Oxidizing gases used in welding.

Oxygen: O2
Oxygen is obtained by air distillation, it is an oxidant used in cutting (oxycutting), MAG, Plasma and Laser.
It is used as a mixture added to the Argon in the MAG, it stabilizes the arc by the formation of emissive oxides on the surface of the part,
it favours axial pulverization, increases the fluidity of the bath, improves wetting, the penetration will be sharp, not very good for welding in all positions.
It will be used for welding in flat position.
Its disadvantages are the risk of root porosity, the risk of sticking and problems of interpenetration between passes.
It will increase the form of penetration of the fingers of the glove, the risk of blows at the foot of the bead and the risk of sticking at the inner corner.
Spontaneously ignites fats and oils !!!
It is an energetic oxidant.
It is packaged in bottles, bottle frames, and in bulk by cryogenic evaporator.
Carbon dioxide: CO2
High temperature oxidant (CO2 -> CO + 1/2 O2)
Obtained by chemical synthesis or by underground deposits.
Used in MAG, either pure or as a mixture.

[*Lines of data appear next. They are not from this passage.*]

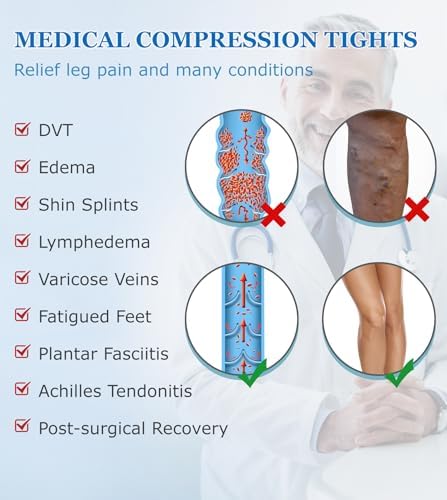 MGANG Medical Compression Pantyhose for Women & Men, 15-20mmHg Graduated Compression Support Tights, Open Toe, Opaque Waist High Compression Stockings for Edema, Varicose Veins, Flight, DVT, Beige L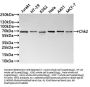 CHEK2 Recombinant Monoclonal Antibody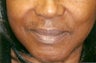 Restylane injection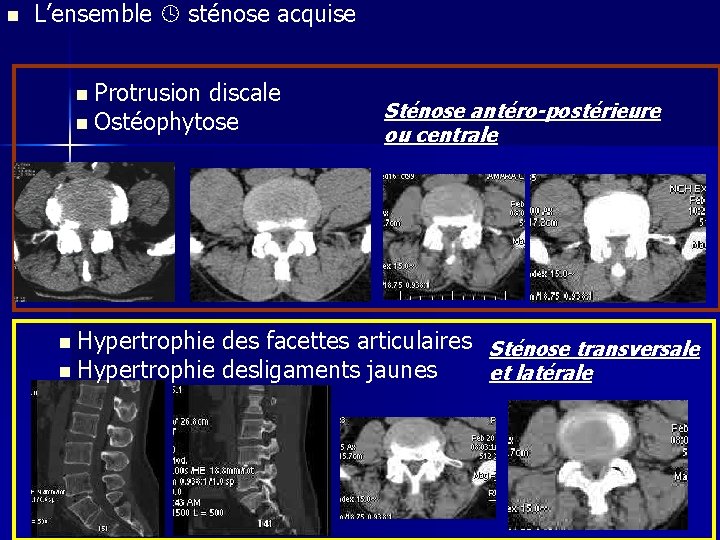 n L’ensemble sténose acquise n Protrusion discale n Ostéophytose n Hypertrophie Sténose antéro-postérieure ou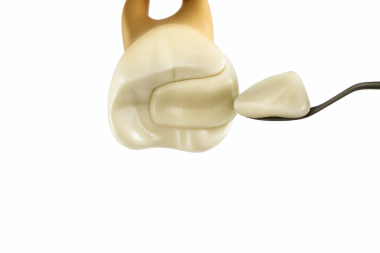 diş pekiştirme kök kanal işlemleri (restorasyonun lütfedilmesi)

It allows the stabilization of the arc by the formation of emissive oxides on the surface of the bath, it increases the viscosity of the bath and thus improves the work in position, better compactness, better interpenetration between the passes because the penetration is wider.

Disadvantages :
less good wetting, does not allow axial spray welding if used in its pure state because blow holes are obtained, wetting is medium so there is a risk of fatigue cracking, risk of an increase in the carbon content in the molten zone (limitation of CO2 for austenitic steels) and oxidation of the deposited metal.
It is non-flammable.
It impairs alertness and breathing from 2% and is not vital.
Packaged in bottles, frames and bulk liquid in cooled tanks.